TASK ITEM:
Set down the line containing "Fall menu is" and every line that follows it in the listing below, exactly as written and with nothing added.

=== DATA SHOWN ===

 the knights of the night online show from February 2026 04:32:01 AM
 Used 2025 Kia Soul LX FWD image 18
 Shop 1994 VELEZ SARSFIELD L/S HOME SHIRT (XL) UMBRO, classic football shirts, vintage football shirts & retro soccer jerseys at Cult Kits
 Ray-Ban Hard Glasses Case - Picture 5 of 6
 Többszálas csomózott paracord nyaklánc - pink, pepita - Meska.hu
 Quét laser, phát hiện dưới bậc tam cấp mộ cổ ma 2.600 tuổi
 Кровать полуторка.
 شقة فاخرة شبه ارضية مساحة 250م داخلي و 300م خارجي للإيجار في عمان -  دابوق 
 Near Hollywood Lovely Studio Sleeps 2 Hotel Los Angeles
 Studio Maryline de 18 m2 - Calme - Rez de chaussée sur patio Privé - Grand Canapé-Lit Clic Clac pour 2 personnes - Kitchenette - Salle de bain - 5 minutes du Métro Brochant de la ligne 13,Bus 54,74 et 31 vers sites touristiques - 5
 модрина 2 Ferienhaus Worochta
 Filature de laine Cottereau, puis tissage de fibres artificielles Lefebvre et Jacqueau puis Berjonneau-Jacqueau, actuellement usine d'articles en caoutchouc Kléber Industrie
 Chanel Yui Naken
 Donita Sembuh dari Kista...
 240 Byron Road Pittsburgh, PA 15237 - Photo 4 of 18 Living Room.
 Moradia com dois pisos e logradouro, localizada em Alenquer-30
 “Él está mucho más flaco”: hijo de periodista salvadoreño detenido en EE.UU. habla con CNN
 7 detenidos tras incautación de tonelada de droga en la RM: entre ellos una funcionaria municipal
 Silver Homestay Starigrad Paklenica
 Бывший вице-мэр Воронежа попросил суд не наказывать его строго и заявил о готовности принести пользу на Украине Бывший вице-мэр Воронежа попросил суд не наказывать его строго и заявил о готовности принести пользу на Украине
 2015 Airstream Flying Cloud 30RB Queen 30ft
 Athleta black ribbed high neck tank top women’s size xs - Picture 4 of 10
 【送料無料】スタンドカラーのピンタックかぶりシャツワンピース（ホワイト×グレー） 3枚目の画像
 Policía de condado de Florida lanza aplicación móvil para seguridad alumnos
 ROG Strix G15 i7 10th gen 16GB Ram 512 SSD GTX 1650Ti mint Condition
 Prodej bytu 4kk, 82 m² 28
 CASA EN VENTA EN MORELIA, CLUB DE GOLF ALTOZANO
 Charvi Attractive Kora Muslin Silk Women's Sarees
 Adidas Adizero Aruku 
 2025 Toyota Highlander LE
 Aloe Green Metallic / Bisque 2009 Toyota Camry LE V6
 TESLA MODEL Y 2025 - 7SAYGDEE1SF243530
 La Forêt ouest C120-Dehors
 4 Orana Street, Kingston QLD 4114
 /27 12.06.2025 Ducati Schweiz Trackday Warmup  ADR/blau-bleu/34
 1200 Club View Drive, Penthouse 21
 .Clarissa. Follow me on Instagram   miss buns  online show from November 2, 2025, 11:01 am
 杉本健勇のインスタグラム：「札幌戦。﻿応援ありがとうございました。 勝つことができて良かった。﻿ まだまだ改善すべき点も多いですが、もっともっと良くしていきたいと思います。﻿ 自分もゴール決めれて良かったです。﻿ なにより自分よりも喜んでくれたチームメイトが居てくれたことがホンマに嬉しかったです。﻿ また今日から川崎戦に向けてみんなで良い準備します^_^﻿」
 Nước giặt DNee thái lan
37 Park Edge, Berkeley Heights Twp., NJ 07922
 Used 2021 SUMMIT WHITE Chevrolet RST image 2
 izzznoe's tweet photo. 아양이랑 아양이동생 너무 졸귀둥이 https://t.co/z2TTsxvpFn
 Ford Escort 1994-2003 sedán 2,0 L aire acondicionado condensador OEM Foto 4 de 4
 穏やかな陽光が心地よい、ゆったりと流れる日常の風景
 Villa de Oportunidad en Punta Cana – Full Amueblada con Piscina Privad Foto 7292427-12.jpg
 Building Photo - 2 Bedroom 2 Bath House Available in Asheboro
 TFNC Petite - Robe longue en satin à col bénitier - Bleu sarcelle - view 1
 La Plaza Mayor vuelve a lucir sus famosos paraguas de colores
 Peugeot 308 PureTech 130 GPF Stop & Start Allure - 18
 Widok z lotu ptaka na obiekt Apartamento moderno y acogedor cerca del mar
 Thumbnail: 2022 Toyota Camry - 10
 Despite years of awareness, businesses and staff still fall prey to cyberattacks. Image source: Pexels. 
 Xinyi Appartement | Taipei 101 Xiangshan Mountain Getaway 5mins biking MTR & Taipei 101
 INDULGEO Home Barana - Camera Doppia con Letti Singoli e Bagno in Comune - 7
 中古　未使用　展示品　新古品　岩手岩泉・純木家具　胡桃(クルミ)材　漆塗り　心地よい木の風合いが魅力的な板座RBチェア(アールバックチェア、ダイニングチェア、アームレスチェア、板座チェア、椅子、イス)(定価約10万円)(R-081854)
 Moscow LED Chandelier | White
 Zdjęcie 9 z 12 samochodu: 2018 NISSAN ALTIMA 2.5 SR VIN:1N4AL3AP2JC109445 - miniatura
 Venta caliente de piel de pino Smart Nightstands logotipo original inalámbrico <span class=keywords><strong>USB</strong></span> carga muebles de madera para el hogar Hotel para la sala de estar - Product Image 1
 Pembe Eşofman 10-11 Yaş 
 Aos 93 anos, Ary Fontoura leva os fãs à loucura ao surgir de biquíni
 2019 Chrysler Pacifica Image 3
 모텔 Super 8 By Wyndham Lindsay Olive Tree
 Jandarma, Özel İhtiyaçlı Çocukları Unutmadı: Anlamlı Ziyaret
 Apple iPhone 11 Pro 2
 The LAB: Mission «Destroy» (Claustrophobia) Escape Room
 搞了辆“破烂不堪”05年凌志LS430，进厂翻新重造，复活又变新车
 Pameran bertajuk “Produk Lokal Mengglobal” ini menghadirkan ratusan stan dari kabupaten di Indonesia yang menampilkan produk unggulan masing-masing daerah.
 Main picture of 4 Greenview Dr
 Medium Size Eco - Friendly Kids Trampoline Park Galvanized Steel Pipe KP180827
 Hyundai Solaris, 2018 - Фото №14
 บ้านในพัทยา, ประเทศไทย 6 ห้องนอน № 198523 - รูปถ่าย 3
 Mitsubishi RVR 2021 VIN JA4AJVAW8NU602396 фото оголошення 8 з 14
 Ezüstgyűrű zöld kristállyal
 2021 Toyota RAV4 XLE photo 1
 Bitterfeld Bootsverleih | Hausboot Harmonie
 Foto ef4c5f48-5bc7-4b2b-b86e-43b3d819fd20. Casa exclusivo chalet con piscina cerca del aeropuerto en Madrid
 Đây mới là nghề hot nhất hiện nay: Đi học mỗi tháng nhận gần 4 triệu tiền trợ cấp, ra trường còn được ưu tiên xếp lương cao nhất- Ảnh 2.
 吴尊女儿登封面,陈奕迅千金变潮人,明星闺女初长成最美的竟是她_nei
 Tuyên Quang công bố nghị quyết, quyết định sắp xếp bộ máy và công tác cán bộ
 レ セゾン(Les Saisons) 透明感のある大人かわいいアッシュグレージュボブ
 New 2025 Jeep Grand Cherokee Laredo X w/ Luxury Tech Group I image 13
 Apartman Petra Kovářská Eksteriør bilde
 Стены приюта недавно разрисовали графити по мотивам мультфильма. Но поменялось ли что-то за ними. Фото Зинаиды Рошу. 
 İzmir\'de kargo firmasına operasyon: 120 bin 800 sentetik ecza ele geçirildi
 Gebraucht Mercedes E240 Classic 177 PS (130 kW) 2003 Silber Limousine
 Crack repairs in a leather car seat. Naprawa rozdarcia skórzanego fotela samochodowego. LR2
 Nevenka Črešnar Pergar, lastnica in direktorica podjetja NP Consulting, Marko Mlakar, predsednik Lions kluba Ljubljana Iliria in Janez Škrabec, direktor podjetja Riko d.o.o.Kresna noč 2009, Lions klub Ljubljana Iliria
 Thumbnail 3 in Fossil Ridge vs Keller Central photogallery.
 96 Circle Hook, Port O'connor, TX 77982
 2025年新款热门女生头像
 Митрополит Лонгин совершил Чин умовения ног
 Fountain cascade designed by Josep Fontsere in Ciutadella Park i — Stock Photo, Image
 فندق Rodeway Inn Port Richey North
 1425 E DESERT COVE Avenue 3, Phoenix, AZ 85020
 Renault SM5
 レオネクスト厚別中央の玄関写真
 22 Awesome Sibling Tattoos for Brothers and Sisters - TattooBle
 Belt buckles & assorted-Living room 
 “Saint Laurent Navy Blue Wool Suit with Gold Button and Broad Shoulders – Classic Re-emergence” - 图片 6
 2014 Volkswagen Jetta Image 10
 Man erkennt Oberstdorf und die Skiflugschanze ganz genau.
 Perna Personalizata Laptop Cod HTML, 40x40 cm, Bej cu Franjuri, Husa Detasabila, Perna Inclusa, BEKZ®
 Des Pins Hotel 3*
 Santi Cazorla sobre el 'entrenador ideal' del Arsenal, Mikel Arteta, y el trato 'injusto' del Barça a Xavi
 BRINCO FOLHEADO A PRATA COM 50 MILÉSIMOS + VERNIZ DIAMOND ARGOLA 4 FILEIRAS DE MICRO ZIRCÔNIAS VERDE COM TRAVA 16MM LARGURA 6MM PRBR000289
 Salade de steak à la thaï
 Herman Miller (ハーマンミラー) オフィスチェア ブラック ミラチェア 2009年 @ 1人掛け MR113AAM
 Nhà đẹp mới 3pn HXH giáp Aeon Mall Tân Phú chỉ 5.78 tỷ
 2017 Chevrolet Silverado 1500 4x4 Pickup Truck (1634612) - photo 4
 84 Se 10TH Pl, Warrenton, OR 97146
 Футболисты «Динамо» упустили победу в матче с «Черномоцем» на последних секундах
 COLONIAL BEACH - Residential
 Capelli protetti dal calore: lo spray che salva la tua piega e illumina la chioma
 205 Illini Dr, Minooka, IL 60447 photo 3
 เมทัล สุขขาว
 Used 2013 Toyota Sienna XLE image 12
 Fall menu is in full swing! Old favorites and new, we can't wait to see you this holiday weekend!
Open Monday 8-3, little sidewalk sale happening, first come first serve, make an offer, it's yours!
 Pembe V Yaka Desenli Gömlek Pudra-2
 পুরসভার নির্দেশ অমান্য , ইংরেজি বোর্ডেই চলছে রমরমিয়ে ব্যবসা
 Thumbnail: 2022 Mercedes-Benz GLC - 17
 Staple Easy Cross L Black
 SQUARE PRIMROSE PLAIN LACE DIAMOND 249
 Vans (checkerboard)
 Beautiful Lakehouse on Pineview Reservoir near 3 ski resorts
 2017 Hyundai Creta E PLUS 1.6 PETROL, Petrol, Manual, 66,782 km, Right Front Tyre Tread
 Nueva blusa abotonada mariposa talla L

===

WORKED SOLUTION:
 Fall menu is in full swing! Old favorites and new, we can't wait to see you this holiday weekend!
Open Monday 8-3, little sidewalk sale happening, first come first serve, make an offer, it's yours!
 Pembe V Yaka Desenli Gömlek Pudra-2
 পুরসভার নির্দেশ অমান্য , ইংরেজি বোর্ডেই চলছে রমরমিয়ে ব্যবসা
 Thumbnail: 2022 Mercedes-Benz GLC - 17
 Staple Easy Cross L Black
 SQUARE PRIMROSE PLAIN LACE DIAMOND 249
 Vans (checkerboard)
 Beautiful Lakehouse on Pineview Reservoir near 3 ski resorts
 2017 Hyundai Creta E PLUS 1.6 PETROL, Petrol, Manual, 66,782 km, Right Front Tyre Tread
 Nueva blusa abotonada mariposa talla L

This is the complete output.